Stan July 26, 2012 at 10:07 PM
I think at least 2 issues are getting diluted here: (1) Cow Hill Rd has serious, dangerous driving problems. The police dept and town govt have to address this with more stop signs, etc. I deeply care about this! I live on Cow Hill. (2) The vineyard's truly-written-out application which we are all awaiting is a separate issue. Nobody should think that those of us who oppose the expansion are basing this purely on increased vehicles on Cow Hill -- it's one element, but it's not the complete package.
sally cotter July 27, 2012 at 10:52 AM
Sally c the guests who were recently hired to do a traffic study to help calm some fears of neighbors answered questions over and over at the meeting last week. Seems that people needed to talk but weren't willing to listen. Hopefully the p&z meeting will shed some light without resorting to gossip and fear-mongering.

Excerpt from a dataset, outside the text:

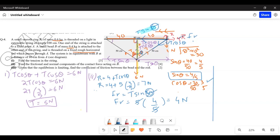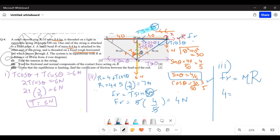Part three: given that the equilibrium is limiting, friction equals μR. So 4 = μ × 7, giving μ = 4/7, which is the correct answer for the coefficient of friction.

ALLAN WOHLSTROM July 29, 2012 at 05:11 PM
does anyone know how much they charge for a wedding on their property? 8-10 thousand and what will the town see of that a big fat goose egg they only losers in this are the surrounding property owners if this gets approved noise traffic and most of all their property values being substantionally lower which in turn is less taxes paid to the town and all town residents will have to pay more to make up for it
Brad August 01, 2012 at 09:58 PM
I do not know chips pub,but I can assure you that the bistro will be dedicated to local farmers and excellent ,comfortable cuisine
Jay August 02, 2012 at 01:09 AM
As a result of the recession/depression people have cut back on having children - this will be reflected in the next couple of years by a decreased enrollment in many towns - hopefully this will prevent the need for millions to be spent expanding schools districts and reducing staff that is the major cost factor . Of course the teacher, administrator unions will demand that we maintain staff to reduce the size of classes downward to improve the test scores. It never ends till you say no on a regular basis at each and every budget vote. Take a real look at the level of administrators and teacher salaries - how many earn that in the real world?
judi August 03, 2012 at 02:56 PM
See FB page for details of violations by Chamard.
sally cotter August 15, 2012 at 01:39 PM
come to the next p & z meeting.(sept 5 at 7pm - town hall) chamard needs people coming to support it. to deny a 35 seat bistro because of noise and traffic is unreasonable. there is no noise involved - unless people are chewing with their mouths open & traffic is negligible from this small business addition. (
sally cotter August 15, 2012 at 01:40 PM
planning & zoning on sept 5 - 7pm. come & support them as they try to grow a business in this town that could grow some others ( wedding dress store, b&b, etc.)
sally cotter August 15, 2012 at 01:41 PM
Robyn - come to the p & z meeting on sept 5, 7pm - town hall - and show your support.